Re: inputs into query planner costing

From: Andy Colson <andy(at)squeakycode(dot)net>
To: Mike Roest <mike(dot)roest(at)replicon(dot)com>, pgsql-general(at)postgresql(dot)org
Subject: Re: inputs into query planner costing
Date: 2015-03-31 17:56:49
Message-ID: 551ADFE1.50706@squeakycode.net
Views: Raw Message | Whole Thread | Download mbox | Resend email
Thread:
Lists: pgsql-general

On 3/31/2015 10:31 AM, Mike Roest wrote:
> Hi there,
> I'm having an issue with query performance between 2 different pgsql
> environments.
>
> Ther first is our current production postgres server with is running
> 9.3.5 on Centos 5 x64. The second system is Amazon's RDS postgres as a
> service. On our local DB server we have a query that executes in a
> reasonable amount of time (600 msec). On RDS the query will run for
> more then 10 minutes on a similarly CPU specced systems. I've been
> working through with Amazon support and I'm looking for more suggestions
> on where to look (both for me and to direct Amazon). The RDS system
> does use a network filesystem while our production server is a local
> RAID10 array, I can see that effecting the actual performance of the
> query but not the query planner costing (unless there's an input to
> query planner costing that I can't find)
>
> The Query plan costs generated by the 2 systems are vastly different,
> while the plans themselves are basically identical other then the
> materialization that RDS is doing (if I disable the materialization then
> they are almost the same other then a seq scan/heap scan on one small
> <2000 row table). All the tables in the query have been analyzed on
> each server without any impact
>
> Current Production
> Explain:
> http://explain.depesz.com/s/Tkyc
> Explain Analyze
> http://explain.depesz.com/s/UnQt
>
> RDS: (with enable_material=off)
> http://explain.depesz.com/s/vDiV
>
> (with enable_material=on)
> http://explain.depesz.com/s/HUjx
>
> I have validated that all the query planning configuration variables on
> this page
> http://www.postgresql.org/docs/9.3/static/runtime-config-query.html are
> the same between the 2 environments. If I modify the local production
> system values for things like random_page_cost and seq_page_cost to
> absurd values like 60000 I can get it to generate a similar planner
> cost. Similarly if I lower the RDS values to absurdly low values like
> .00000001 I can get it to generate a similarly costed plan (while still
> performing horridly).
>
> I've reached the end of things I can think about (I'm also working on
> rewriting the query but it's a generated query out of a infrastructure
> component so it's not a simple change).
>
> Just looking for any ideas on additional things to look into.
>
> The query is available here:
> https://www.dropbox.com/s/m31ct6k0mod0576/simplifiedquery.sql?dl=0
>
> --
> Data's inconvienient when people have opinions.
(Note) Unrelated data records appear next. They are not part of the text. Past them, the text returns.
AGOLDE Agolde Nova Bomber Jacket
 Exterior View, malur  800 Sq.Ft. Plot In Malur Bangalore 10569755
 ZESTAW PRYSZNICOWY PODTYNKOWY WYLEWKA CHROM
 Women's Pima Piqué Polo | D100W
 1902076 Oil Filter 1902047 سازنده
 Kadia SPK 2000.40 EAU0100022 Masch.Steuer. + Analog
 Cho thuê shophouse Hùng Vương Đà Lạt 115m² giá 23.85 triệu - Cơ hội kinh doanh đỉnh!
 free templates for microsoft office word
Seems like there is no useable index on table timesheet. It always
seems to table scan all 99K rows, several times.

I'll bet on RDS that table scan is super slow.

The RDS plans seem to be just explain? I assume its too slow to run an
explain analyze on? Would be neat to see explain analyze from RDS.
(any way to add a little extra where magic to cut the rows down to a
useable, but still slow, sample?)

On this one:
http://explain.depesz.com/s/UnQt

Line 11 table scans 99K rows, then all those rows are carried up the
chain (lines 10, 9, 8, 7 and 6). Any way to reduce the row count
earlier? Line 5 finally seems to filter out 94K rows.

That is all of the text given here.